Cronulla hadn’t beaten a top-eight side all year, but you wouldn’t have known it after a clinical first-half display.
Finishing the half with 64% possession, 79% territory, and an 85% completion rate, the Sharks smelt blood from the get-go.
Braden Hamlin-Uele drove Semi Valemei into his own in-goal early, and his teammates followed suit, keeping Canberra in their own 20 for the next set.
Chad Townsend failed to turn Cronulla’s dominance into a try, but was able to put two points on the board after a penalty occurred in the lead up to his missed grounding.
Starved of field position, Canberra was potent with their first attacking set. Nick Cotric was held just short by a school of Sharks, before Joseph Tapine maneuvered his way out of a four-man tackle to plant the ball under the posts.
Connor Tracey inspired Cronulla’s retaliation, breaking Jordan Rapana’s tackle and throwing a deceiving dummy to open space for Ronaldo Mulitalo, who zeroed in on the left corner and couldn’t be stopped.

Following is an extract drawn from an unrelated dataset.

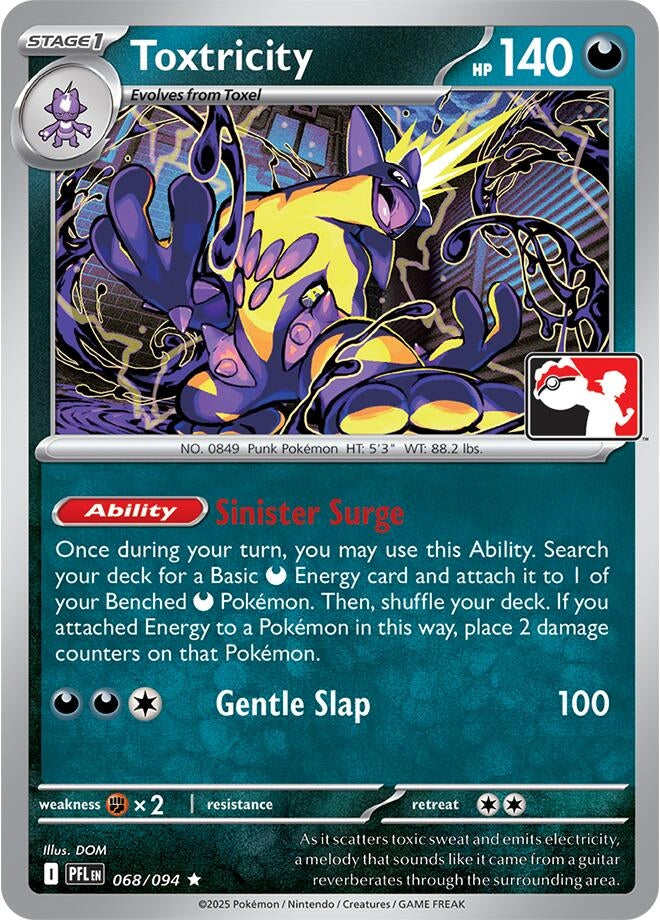 Image for Toxtricity (068/094) [Prize Pack Series Cards] - Pokemon
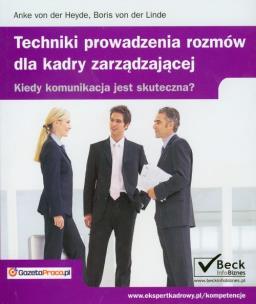 Opakowanie Techniki prowadzenia rozmów dla kadry zarządzającej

Mulitalo makes the most of Cronulla's fast start
A penalty soon after allowed Chad Townsend to make amends for his missed conversion and put Cronulla ahead by two.
The Sharks’ suffocating tackling and relentless territorial stronghold culminated in an opportunistic Blayke Brailey try, after Elliott Whitehead dropped the ball cold 10 metres from his own line.
Canberra was being comprehensively outplayed with their backs against the wall, but George Williams turned the game on its head with a magical try. Having read Wade Graham’s pass better than the Sharks, Williams intercepted and dashed from inside his own half to put the Raiders within four points against all odds heading into half-time.
As they so often do, Canberra, who never appeared worried despite the circumstances, entered the second half a new side. Led by their spine – Charnze Nicoll-Klokstad (179 run metres), Jack Wighton (two tries), and Williams (two tries) – the Raiders completed a 26-point turnaround to cruise home 32-20 victors.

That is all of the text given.